▸ **Recorded information**:
>>>
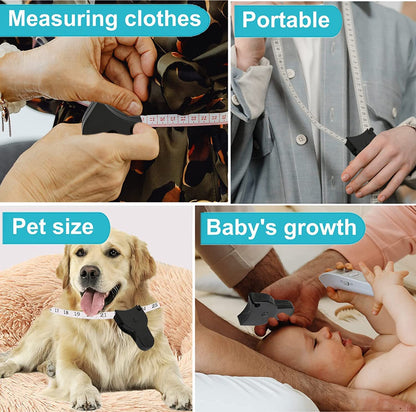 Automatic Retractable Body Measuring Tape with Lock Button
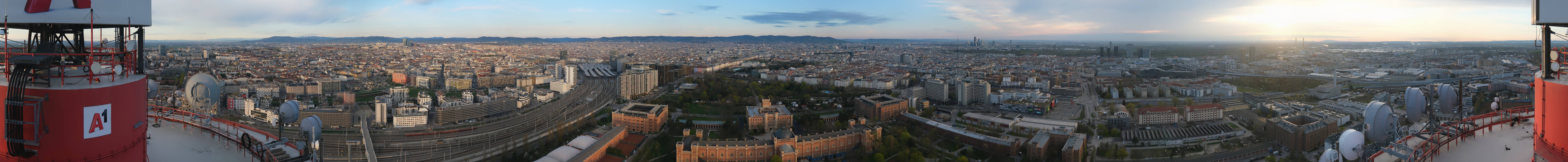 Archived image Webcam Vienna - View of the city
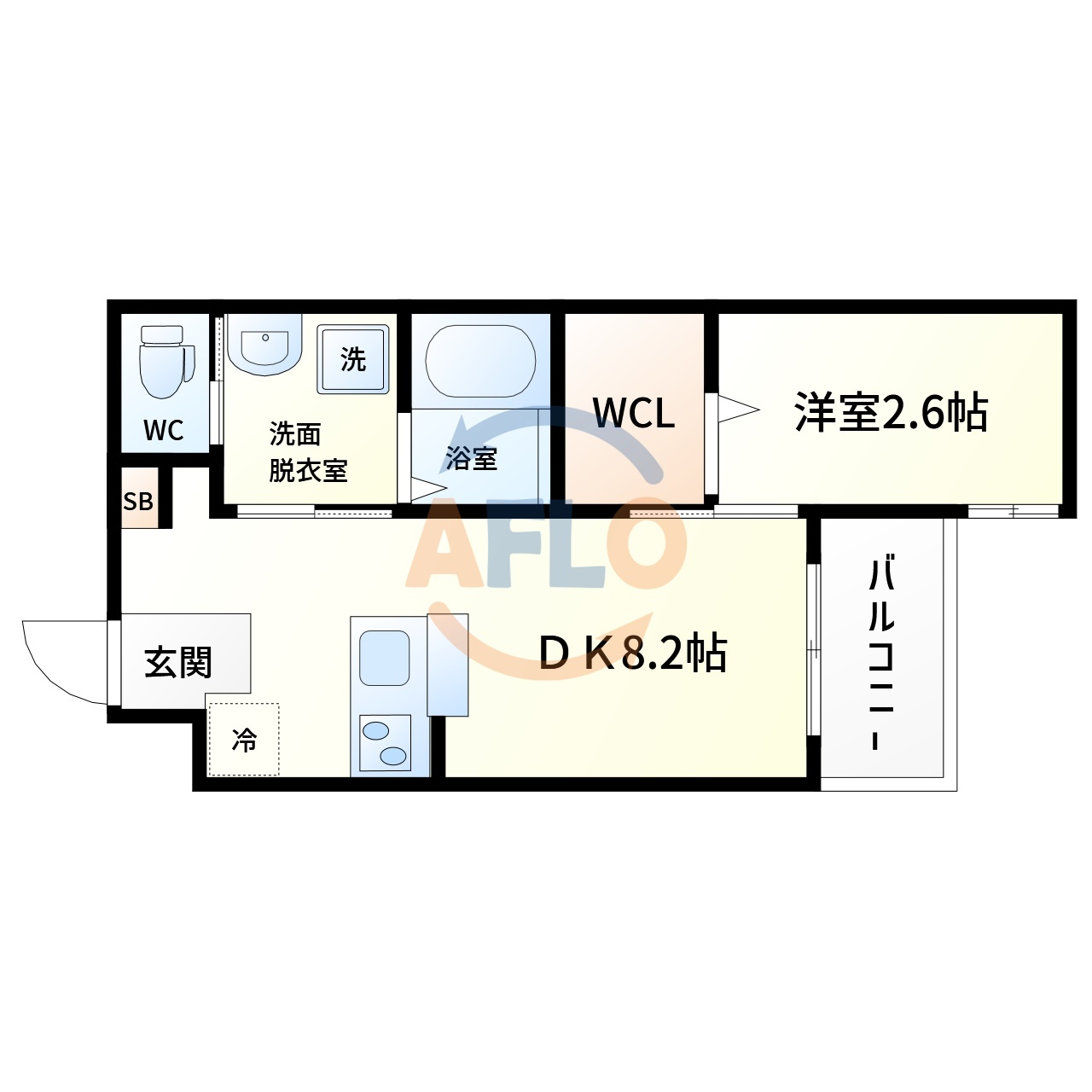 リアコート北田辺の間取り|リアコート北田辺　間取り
<<<
▸ **Work task**: Here the job is to print the data above exactly, except for any pictures.

▸ **Reply to the exercise**:
 Automatic Retractable Body Measuring Tape with Lock Button
 Archived image Webcam Vienna - View of the city
 リアコート北田辺の間取り|リアコート北田辺　間取り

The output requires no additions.